La stessa legislazione statale, nel superare gli ambiti territoriali ottimali per i servizi idrici e per la gestione dei rifiuti, mirava a snellire gli apparati organizzativi preposti a tali servizi, inducendo gli enti locali ad associarsi per la gestione delle proprie funzioni fondamentali: questa sarebbe stata la finalità perseguita, prima, dall’art. 2, comma 38, della legge 24 dicembre 2007, n. 244 (Disposizioni per la formazione del bilancio annuale e pluriennale dello Stato – legge finanziaria 2008); poi, dal citato art. 1, comma 1-quinquies, del d.l. n. 2 del 2010, convertito dalla legge n. 42 del 2010 (sia pure con proroghe che ne hanno differito l’efficacia). La medesima prospettiva sarebbe stata ripresa dall’art. 1, comma 90, della legge n. 56 del 2014.

La norma censurata si porrebbe in contrasto con questa tendenza, imponendo come obbligatoria la partecipazione agli enti di governo, di cui in precedenza era prevista e incentivata la soppressione, facendo bensì formalmente salvo quanto previsto all’art. 1, comma 90, della legge n. 56 del 2014, «ma in modo del tutto privo di senso». Considerato il panorama degli enti intermedi (tra Regione ed enti locali) preposti alla gestione di servizi pubblici locali di rilevanza economica, ed escluso di potere sopprimere quelli previsti da disposizioni statali, l’attuazione dell’art. 1, comma 90, della legge n. 56 del 2014 richiederebbe la soppressione dei consorzi per la gestione degli ambiti o bacini territoriali ottimali, la cui necessaria persistenza sarebbe invece confermata dall’art. 1, comma 609, della legge n. 190 del 2014. Dunque, sussisterebbe una contraddizione insanabile tra questa disposizione e quella, sopra citata, della legge n. 56 del 2014, la quale risulterebbe ora «sorprendentemente priva di oggetto rispetto al compito rimesso all’autonomia regionale».

Considerato in diritto

1.– Con il ricorso indicato in epigrafe, la Regione Veneto ha impugnato diverse disposizioni della legge 23 dicembre 2014, n. 190 (Disposizioni per la formazione del bilancio annuale e pluriennale dello Stato – legge di stabilità 2015), tra cui l’art. 1, comma 609, oggetto del presente giudizio.

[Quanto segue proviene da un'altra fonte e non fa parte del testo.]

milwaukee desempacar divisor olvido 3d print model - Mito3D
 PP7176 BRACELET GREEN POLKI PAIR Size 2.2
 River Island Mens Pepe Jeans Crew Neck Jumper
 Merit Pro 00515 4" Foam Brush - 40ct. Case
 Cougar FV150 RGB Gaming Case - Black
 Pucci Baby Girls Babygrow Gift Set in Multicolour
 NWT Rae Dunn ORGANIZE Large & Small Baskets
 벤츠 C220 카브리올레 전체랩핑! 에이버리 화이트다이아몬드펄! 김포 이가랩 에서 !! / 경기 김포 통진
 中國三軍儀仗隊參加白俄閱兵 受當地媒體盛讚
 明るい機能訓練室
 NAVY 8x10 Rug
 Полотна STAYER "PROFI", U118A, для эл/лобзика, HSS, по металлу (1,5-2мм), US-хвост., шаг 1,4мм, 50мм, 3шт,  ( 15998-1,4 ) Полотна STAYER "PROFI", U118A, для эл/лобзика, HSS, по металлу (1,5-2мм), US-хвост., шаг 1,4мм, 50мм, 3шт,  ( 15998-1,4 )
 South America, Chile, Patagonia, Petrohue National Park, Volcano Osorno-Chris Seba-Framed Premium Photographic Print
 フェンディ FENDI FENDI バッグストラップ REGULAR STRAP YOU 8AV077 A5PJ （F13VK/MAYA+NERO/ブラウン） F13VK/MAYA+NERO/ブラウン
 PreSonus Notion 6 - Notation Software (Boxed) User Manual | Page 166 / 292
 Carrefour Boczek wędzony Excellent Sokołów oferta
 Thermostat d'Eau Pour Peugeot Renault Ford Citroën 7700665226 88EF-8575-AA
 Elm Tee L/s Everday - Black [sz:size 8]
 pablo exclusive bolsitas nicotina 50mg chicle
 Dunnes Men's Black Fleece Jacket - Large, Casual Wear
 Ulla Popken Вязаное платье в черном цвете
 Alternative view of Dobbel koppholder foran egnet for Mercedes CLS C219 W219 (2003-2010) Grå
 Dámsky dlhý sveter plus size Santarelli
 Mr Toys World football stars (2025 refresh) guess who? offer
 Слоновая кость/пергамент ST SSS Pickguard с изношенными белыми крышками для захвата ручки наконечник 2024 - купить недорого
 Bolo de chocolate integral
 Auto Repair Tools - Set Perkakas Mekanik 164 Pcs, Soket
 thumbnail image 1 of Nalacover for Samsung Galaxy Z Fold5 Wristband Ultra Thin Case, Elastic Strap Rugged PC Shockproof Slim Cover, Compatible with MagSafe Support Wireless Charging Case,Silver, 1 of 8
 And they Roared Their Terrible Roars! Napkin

1.1.– Questa disposizione, «[a]l fine di promuovere processi di aggregazione e di rafforzare la gestione industriale dei servizi pubblici locali a rete di rilevanza economica», apporta varie modifiche all’art. 3-bis del decreto-legge 13 agosto 2011, n. 138 (Ulteriori misure urgenti per la stabilizzazione finanziaria e per lo sviluppo), convertito, con modificazioni, dall’art. 1, comma 1, della legge 14 settembre 2011, n. 148, il quale a sua volta disciplina gli ambiti territoriali e i criteri di organizzazione dello svolgimento dei predetti servizi pubblici locali.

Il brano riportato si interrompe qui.